Hallo Liebe Forumskollegen,
ich suche eine Kamera für den Industriellen bereich. Folgendes unser
Kunde möchte Fotos von seinen gefertigen Produkten machen und die
als JPG auf den IPC der Maschine ablegen. Dieses soll dazu dienen damit
er das Produkt in diesen Fall eine gehobelte Leiste, schneller wieder in
der Rezeptur findet.

Ich bin mir garnicht im klaren was mann da so als Kamera nutzen kann,
vlt hat jemand schon irgend etwas ähnliches Gemacht oder kennt eine
Robuste Kamera (wenn überhaubt Robust nötig).
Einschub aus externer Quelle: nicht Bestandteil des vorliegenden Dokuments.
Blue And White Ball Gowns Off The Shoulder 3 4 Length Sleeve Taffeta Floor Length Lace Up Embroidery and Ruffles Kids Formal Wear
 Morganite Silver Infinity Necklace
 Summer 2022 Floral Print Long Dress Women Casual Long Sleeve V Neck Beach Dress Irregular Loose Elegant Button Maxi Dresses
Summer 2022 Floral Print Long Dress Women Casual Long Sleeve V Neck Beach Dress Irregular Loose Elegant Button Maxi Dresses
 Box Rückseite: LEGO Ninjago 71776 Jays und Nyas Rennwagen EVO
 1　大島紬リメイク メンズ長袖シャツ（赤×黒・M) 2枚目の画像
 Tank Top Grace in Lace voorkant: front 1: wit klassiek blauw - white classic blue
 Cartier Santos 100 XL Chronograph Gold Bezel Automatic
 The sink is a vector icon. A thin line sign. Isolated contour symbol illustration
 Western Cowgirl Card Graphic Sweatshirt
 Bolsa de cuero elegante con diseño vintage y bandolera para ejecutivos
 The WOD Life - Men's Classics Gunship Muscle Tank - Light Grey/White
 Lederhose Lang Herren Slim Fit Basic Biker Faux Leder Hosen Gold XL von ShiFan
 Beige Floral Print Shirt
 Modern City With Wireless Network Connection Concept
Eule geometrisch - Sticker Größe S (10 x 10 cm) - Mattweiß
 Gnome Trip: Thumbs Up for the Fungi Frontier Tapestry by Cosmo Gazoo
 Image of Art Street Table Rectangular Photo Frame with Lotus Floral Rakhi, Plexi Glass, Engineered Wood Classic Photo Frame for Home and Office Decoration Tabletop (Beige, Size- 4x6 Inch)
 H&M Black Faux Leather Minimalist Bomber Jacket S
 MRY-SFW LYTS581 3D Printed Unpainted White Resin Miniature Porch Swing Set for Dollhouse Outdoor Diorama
Schön wäre es dabei wenn ich die Fotos per USB ohne irgend einer
Software, von der Kamera auf den IPC kopieren könnte.

gruß Helmut


----------



## marlob (26 Januar 2011)

Das erste was mir da immer einfällt
http://www.cognex.com/main.aspx?langtype=1031&locale=de


----------



## tnt369 (26 Januar 2011)

dazu würde eine gute webcam schon ausreichen...

z.b. so was
http://www.amazon.de/Logitech-960-0...4LQ2/ref=sr_1_8?ie=UTF8&qid=1296052896&sr=8-8

ich seh als nachteil, die staubige umgebung, da hilft nur abdecken und ab und an reinigen


----------



## rostiger Nagel (26 Januar 2011)

sagt mal können die Kameras auch nur einfach Fotos machen, ich will ja
keinen Film aufzeichnen.


----------



## tnt369 (26 Januar 2011)

also die webcams können i.d.r foto machen, allerdings ist die
qualität (auflösung und helligkeit) nicht so gut wie bei einer
richtigen (foto-)kamera.
für kleine aufnahmen um die rezeptur zu dokumentieren
sollte es bei guter beleuchtung locker reichen.


----------



## Verpolt (26 Januar 2011)

Helmut_von_der_Reparatur schrieb:


> sagt mal können die Kameras auch nur einfach Fotos machen, ich will ja
> keinen Film aufzeichnen.



Sollte die Kamera fest eingebaut in einer Anlage sein?


----------



## rostiger Nagel (26 Januar 2011)

Verpolt schrieb:


> Sollte die Kamera fest eingebaut in einer Anlage sein?


 
ich denke das der Bediener die Kamera eher in die Hand nehmen
muss und selber Fotografieren sollte


----------



## Verpolt (26 Januar 2011)

Eine stinknormale Kamera oder Handyknippser? 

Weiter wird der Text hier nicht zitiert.